» **Activity**
The reader should set down exactly the lines from the one containing "New Error Developer" through the last line of the material, omitting every picture.

** Exercise data follows **

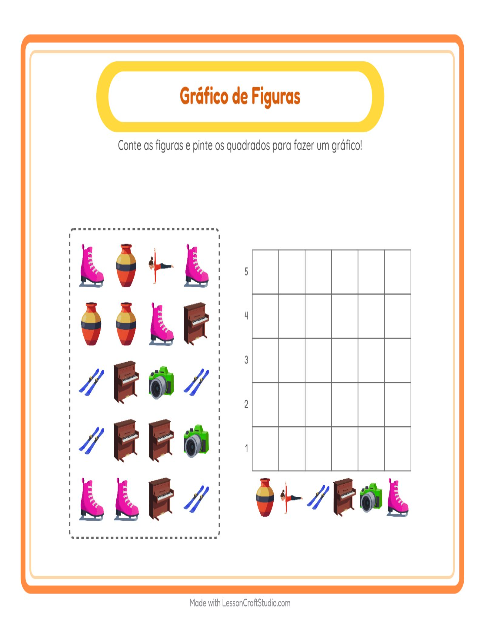Pré-visualização da ficha de Contagem Em Gráfico com 4 de Julho para Educação infantil (pré-escola, 5-7 anos)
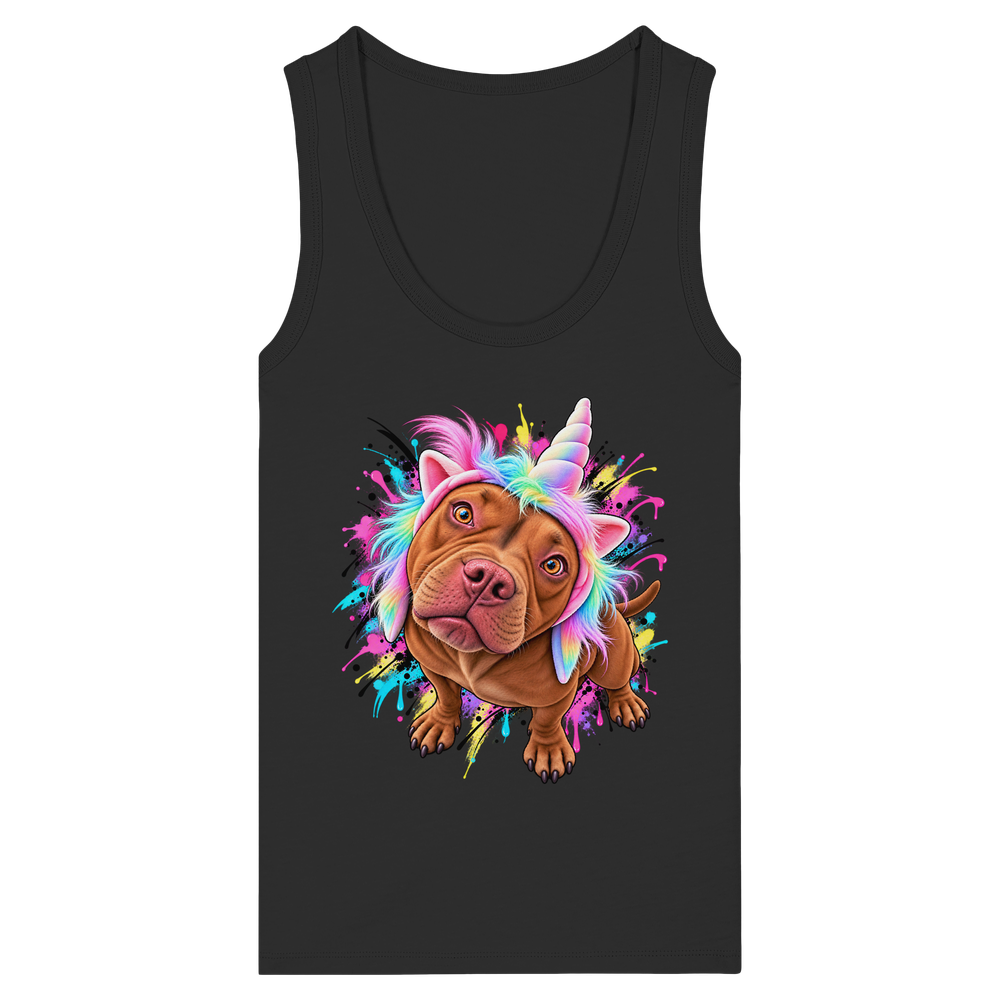 Mila Original - Unicorn - Womens Organic Fitted Tank Top – Bild 3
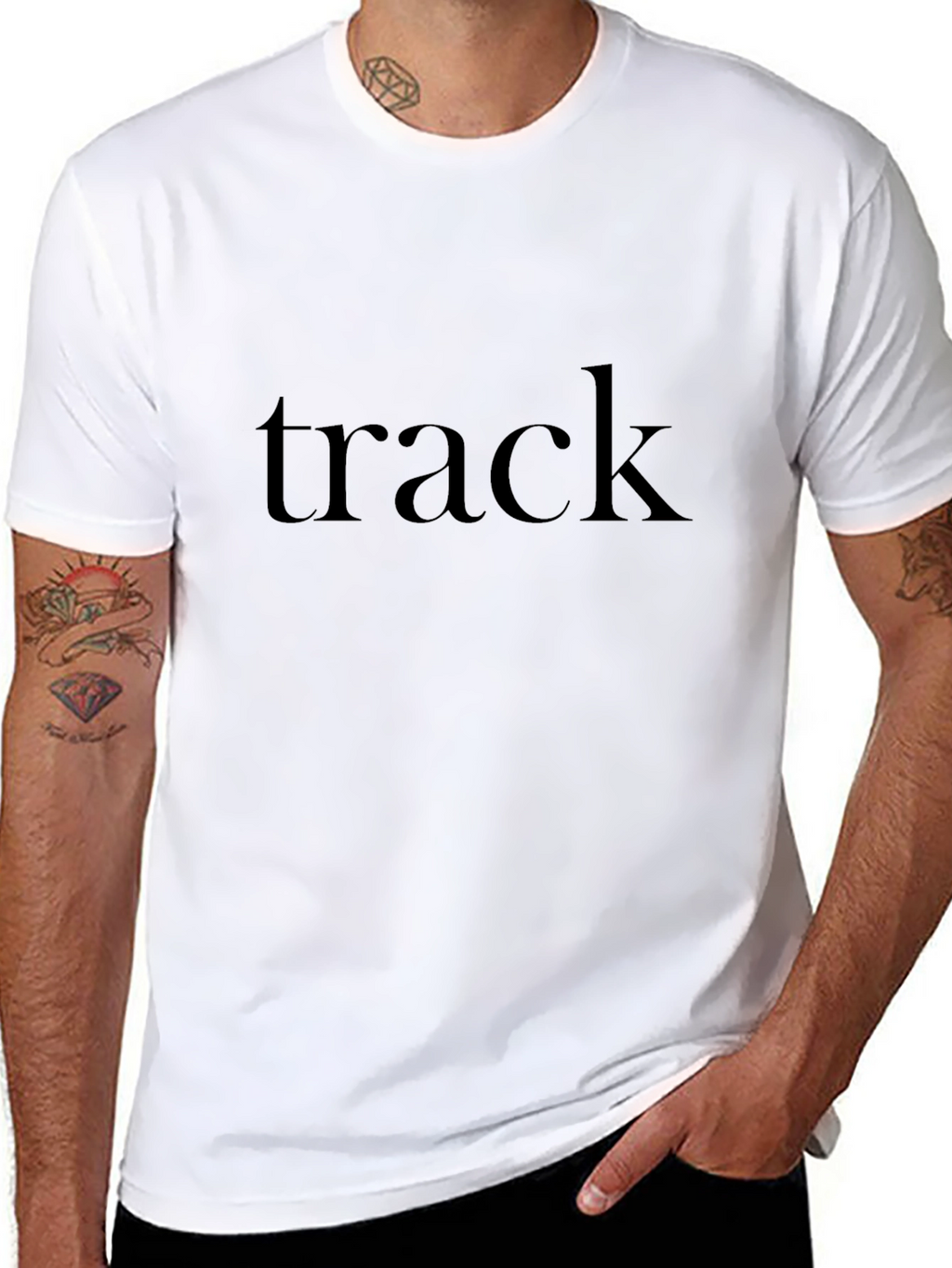 Track Black Graphic Tee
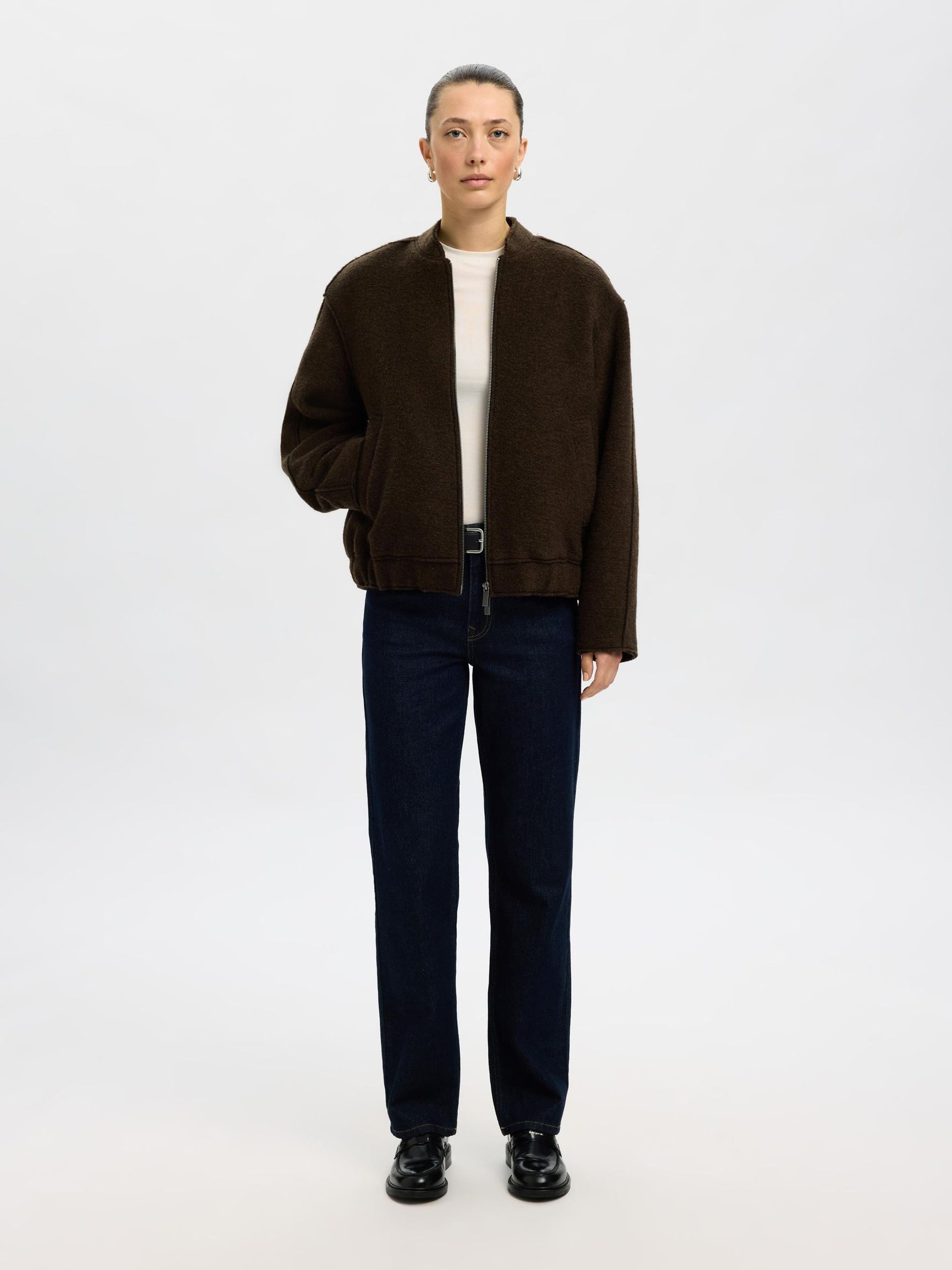SELECTED Reign Bomber Jacket in Delicioso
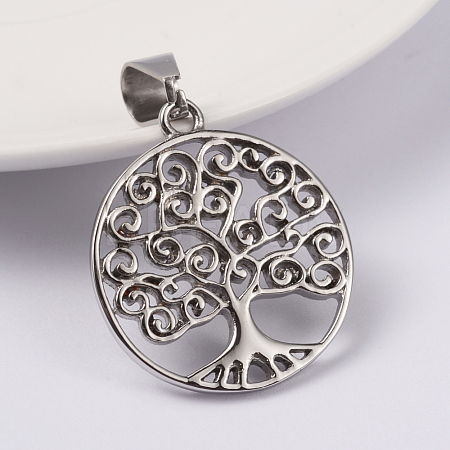 Tarnish Resistant 316 Surgical Stainless Steel Pendants LS-STAS-L186-053P-1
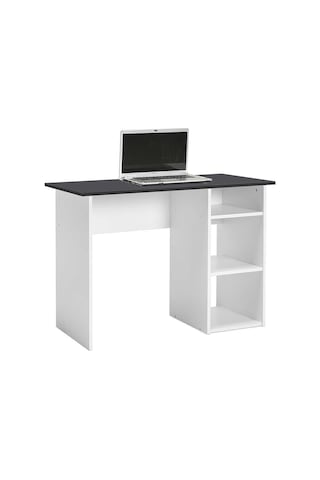 Vera 3 Raflı Çalışma Masası-beyaz-antrasit 101x75x45 Cm Gxyxd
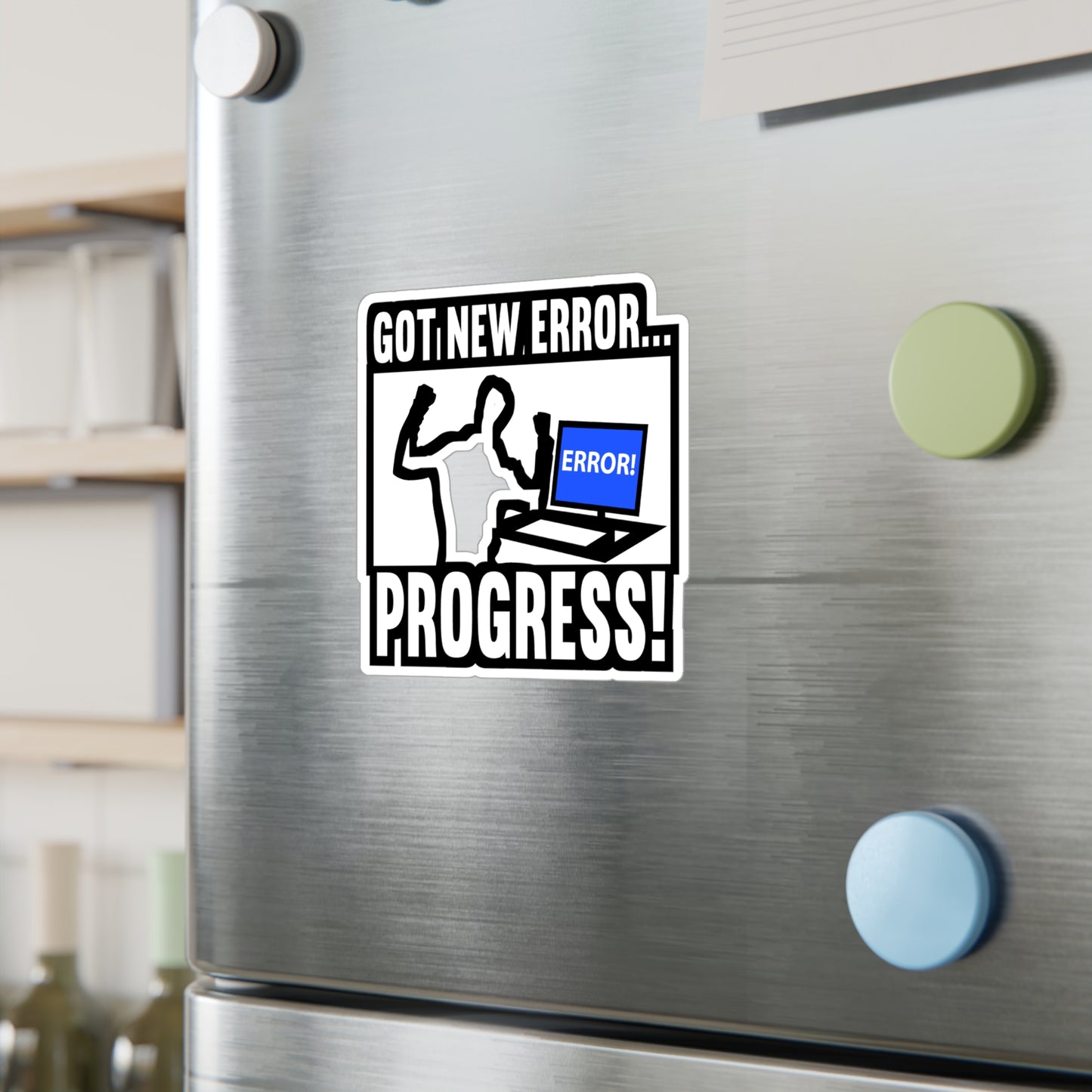 New Error Developer Programmer | Coding Sticker | Programmer Decals | Source-code Laptop Sticker | Coding Gift | Programmer Gift
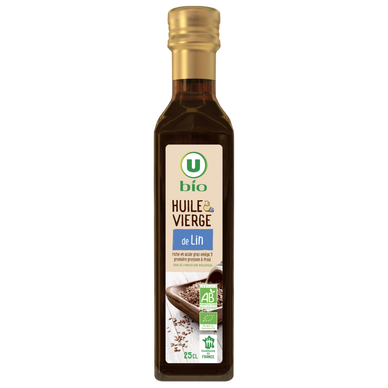 Huile de lin  bouteille de 250ml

** End of Exercise data **

» **Response**
 New Error Developer Programmer | Coding Sticker | Programmer Decals | Source-code Laptop Sticker | Coding Gift | Programmer Gift
 Huile de lin  bouteille de 250ml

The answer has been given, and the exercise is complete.